General

Overview
- Status: Discontinued
- Locale: Mid-West/Mid-Atlantic States
- First service: 1937
- Last service: December 12, 1967
- Successor: Broadway Limited
- Former operator(s): Pennsylvania Railroad (1937–1967)

Route
- Termini: New York City and Washington, D.C. Chicago
- Distance travelled: 907.7 miles (1,460.8 km) (New York-Chicago)
- Service frequency: Daily
- Train number(s): 48 (Chicago to New York) 49 (New York to Chicago)

On-board services
- Seating arrangements: Reclining seat coach (1957)
- Sleeping arrangements: Roomettes, duplex rooms, double bedrooms
- Catering facilities: Dining car
- Observation facilities: Observation lounge coach

= General (train) =

The General (train numbers 48 and 49) was the Pennsylvania Railroad's (PRR) number two train between New York City and Chicago. Only marginally slower than the Broadway Limited, it had no extra fare. For a time before World War II, the train carried more passengers than the Broadway Limited and taking the passengers away from the New York Central Railroad's 20th Century Limited.

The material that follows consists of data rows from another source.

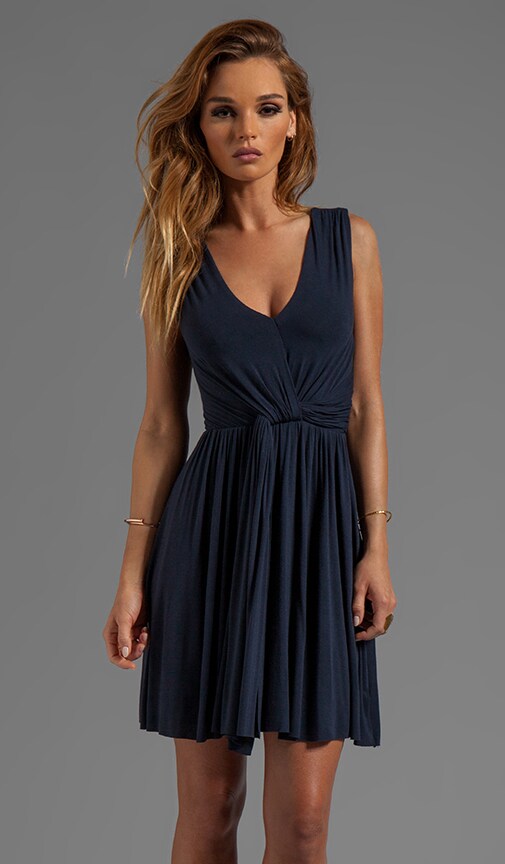 Madrigal Pleated Dress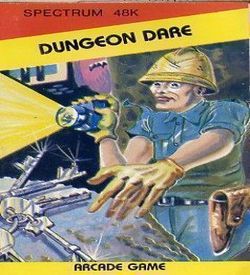 Dungeon Dare (1986)(Central Solutions) ROM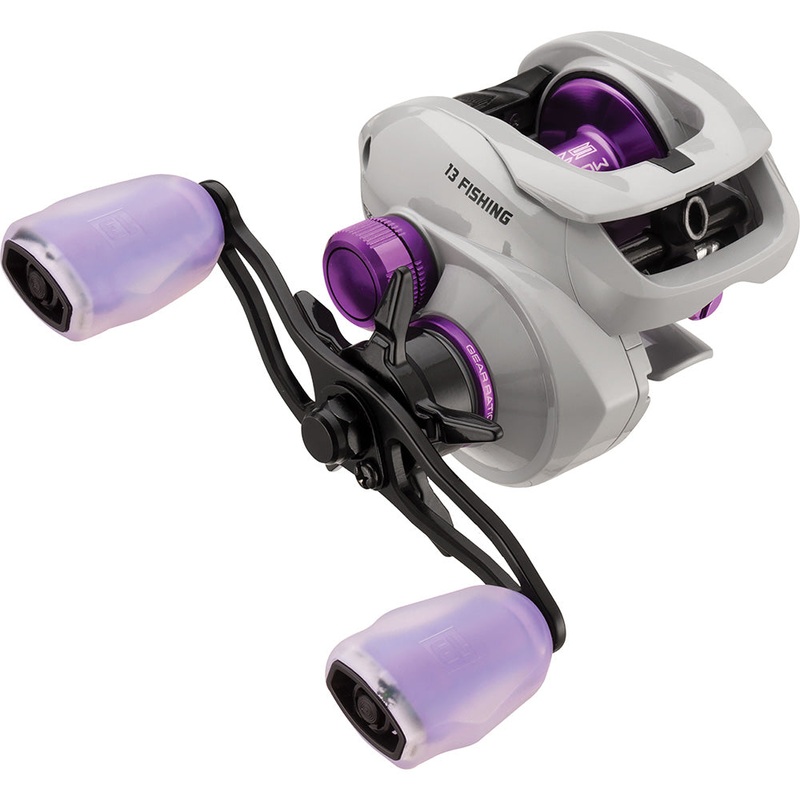 13 Fishing Modus SZ2 Baitcast Reel – 7.3:1 – RH [MODSZ2-7.3-RH]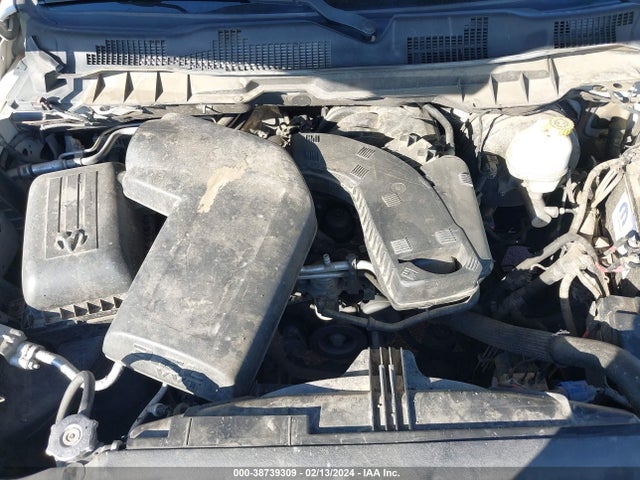 RAM 1500 Tradesman 2014 1C6RR6KG5ES178113 Image 10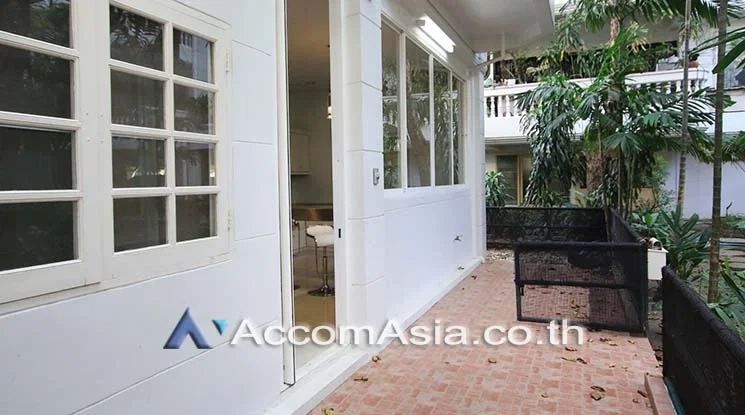 รูป 🔼🔽 AccomA 📩 Pet friendly 4 BR Townhouse @House in garden compound with pool (2519891) - รูปที่ 13/13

The General was inaugurated in 1937, and carried coaches and Pullmans. It received some new lightweight equipment in 1938 as part of the fleet of modernism, but it was mostly heavyweight until 1940. It was the only "Fleet of Modernism" train to be streamlined without an observation car. It lost its coaches but still had a passenger-baggage car attached to its consist when the Advance General was inaugurated in 1940. The General became an All-Pullman train in April 1942. It was re-equipped with lightweight sleeping cars from both the pre-war Broadway, and new cars from post-war orders in 1948. At this time, it also carried the Broadway's pre-war View series observation cars. In 1951 the General lost its all-Pullman status when it was combined with the all-coach Trail Blazer for non-peak travel periods only. In 1952 this consolidation became permanent, and by 1960, the Trail Blazer name was dropped.

In the late 1950s, the General also carried coaches and sleepers from Washington, DC, to Chicago via Harrisburg, when the PRR discontinued its Washington-Chicago Liberty Limited train.

In 1967 the General merged with the Broadway Limited when that train lost its numbers and all-Pullman status.

==Motive Power==
Here is a list of motive power used on the General:

- PRR GG1 4-6-0+0-6-4 electric locomotive (1937-1967, East of Harrisburg, electrified region)
- PRR K4s 4-6-2 type steam locomotive (1937-1948)
- PRR S1 6-4-4-6 type steam locomotive (1941-1946)
- PRR T1 4-4-4-4 type steam locomotive (1942-1948)
- ALCO PA passenger diesel electric locomotive (1948-1952)
- BLW DR-6 passenger diesel electric locomotive (1948-1953)
- EMD E8 passenger diesel electric locomotive (1948-1967)

== Surviving Equipment ==

=== Fleet Of Modernism (1938) ===

- PS 13-Double Bedroom Plan 4071A #8007 PHILADELPHIA COUNTY Originally preserved at the Indiana Transportation Museum in Noblesville, IN, It was moved to a private siding in Santa Claus, IN.